Topher Cooper wrote:
I am made very uncomfortable, however when we put structs (and therefore, by a primary identity in the C++ language, classes) into the mix. Here we may have inheritance relationship (not a union) where two different types with different meanings to the quantities can end up introducing a tendency for rather different things to hash to the same values. I presented the example of two different classes representing polar and Cartesian representation of complex numbers (and, yes, I have written packages where these two representations co-exist and intermix to allow optimizations). Of course for this example, you would clearly want a custom hash, but the point is, subclassing does not make this situation that bizarre. What about a table containing structs for Resources, which could represent either employees or pieces of office equipment where the characteristics of interest in each happen to all be represented as a bunch of booleans, that happen to be the same length?
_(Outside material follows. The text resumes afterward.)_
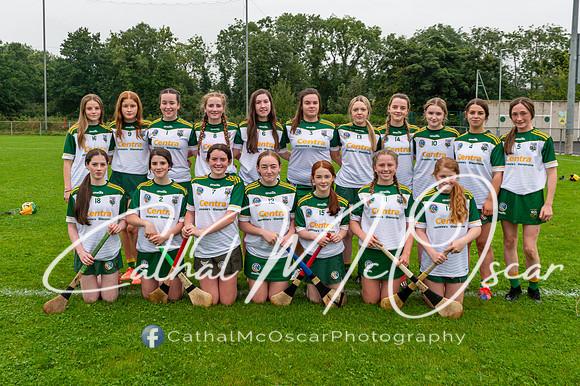 Derry Camogie U15 Feile (18 of 395)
Think about how such a class would be stored in the proposed unordered associative containers. If you use unordered_set<base*> then the hash function will be called for the pointer, not the class. If you use unordered_set<boost::shared_ptr<base> >, then it depends on how Peter implements the hash function for shared_ptr, but I expect it will be the pointer again. If you use unordered_set<boost::variant<...> > or unordered_set<boost::any<...> > then a correctly written hash function for boost::variant or boost::any will be fine. If Thorsten writes ptr_unordered_set<base> then there might be a problem with boost::hash<base>. Although it will equally apply to std::equal_to<base>. boost::hash<X> and boost::hash<Y> (where X != Y) aren't designed to be used together.